With a maternal grandmother, mother and aunt who developed breast cancer at an early age, Tara Stein had been on the alert for the disease and received annual mammograms, monthly breast self-exams and regular checkups. But in October 2004, when Tara, a 49-year-old Rossmoor resident, discovered a small abnormality in her breast, she assumed it was a pulled muscle. “It wasn’t even a lump,” says the physical fitness advocate. “It felt like a tiny flap of tissue.”
Four months later, while having her annual mammogram at the MemorialCare Breast Center in Long Beach, Tara casually mentioned her finding. Since she had dense breast tissue that could hide potentially dangerous growths, Todd Cancer Institute radiologists performed two mammograms and an ultrasound, which revealed a thin, flat tumor about three-quarters of an inch long. A biopsy identified the growth as an aggressive subtype of breast cancer that starts in the milk ducts and can quickly invade surrounding tissue and move to other parts of the body.

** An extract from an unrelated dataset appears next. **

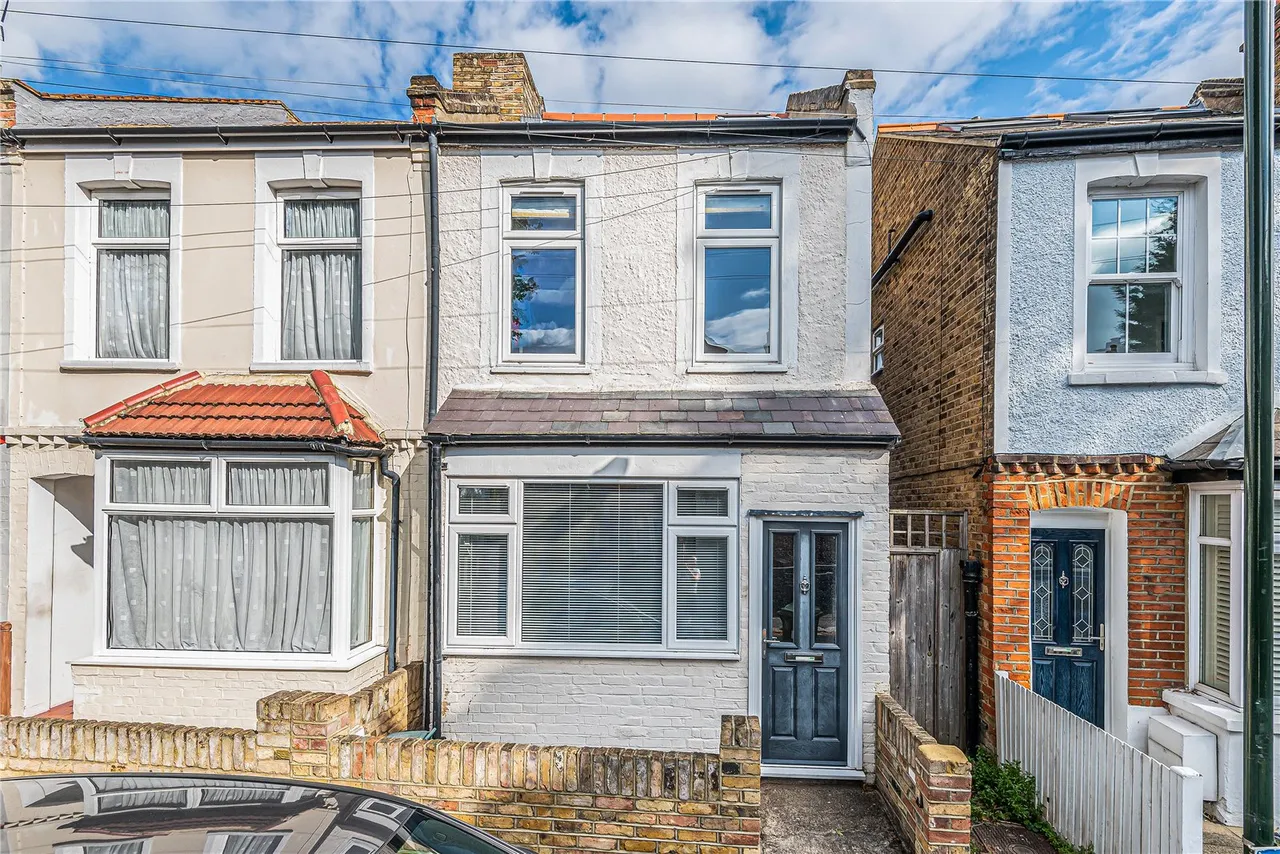 3 bed house for sale — Stanley Gardens Road, Teddington, TW11 8SY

Alarmed, Tara met with a nationally respected breast cancer specialist at the MemorialCare Breast Center to review her treatment options. An MRI showed that there were no additional tumors in her breast, but a biopsy of Tara’s sentinel node—the lymph node through which any cancer cells must first pass to other areas of the body—indicated the cancer had begun to spread. Tara’s form of the disease was called “triple negative,” meaning the tumor was not responsive to three common treatments including estrogen, progesterone or trastuzumab (Herceptin). However, Tara qualified for a clinical trial that involved intensive dosages of epirubicin (Ellence) and docetaxel (Taxotere). After discussing the study and considering other options, Tara agreed to participate in the 12-week course of chemotherapy. “I always felt I was being taken care of by one of the best doctors in the world,” says Tara, who experienced minimal side effects from the treatment.
But Tara’s cancer journey wasn’t over. A multidisciplinary team of Todd Cancer Institute specialists who meet every week to discuss treatment plans for individual patients recommended that Tara undergo genetic testing. Women of Ashkenazi (Eastern European) Jewish heritage such as Tara are prone to inherited mutations on the BRCA1 and/or BRCA2 genes, significantly increasing their risk of breast and ovarian cancer.
A few days after having a DNA blood test, Tara learned she had the BRCA1 mutation. There were two treatment choices. The first was a program of frequent testing for breast and ovarian cancer. The second was preventive surgery—the removal of both breasts, several lymph nodes, uterus, ovaries and fallopian tubes. “I was aware of the high odds for developing future breast and ovarian cancer and decided surgery was the best option for me,” says Tara. In June 2005, she underwent a seven-and-a-half hour operation. Her surgery was followed by a rapid recovery. “I was in good physical condition and a laparoscopic hysterectomy was performed as a minimally invasive procedure, which made my recovery much easier,” says Tara. “It also helped that my husband was very supportive and my kids—David, who was 19 at the time, and Caryn, who was 13—handled it so well.”
Soon after, she had reconstructive breast surgery at Long Beach Memorial.
Today, Tara is free of cancer. She’s also enjoying a newfound career as a volunteer, acting as a mentor in a Long Beach Memorial program called Breast Friends. The program matches newly diagnosed patients with breast cancer survivors who provide support, information, encouragement and friendship. She’s also active in another volunteer group at the hospital called Wings, which involves visiting patients in the oncology unit once a week. “I’ve had cancer and can relate to what patients are going through,” says Tara. “I want them to know there’s hope.”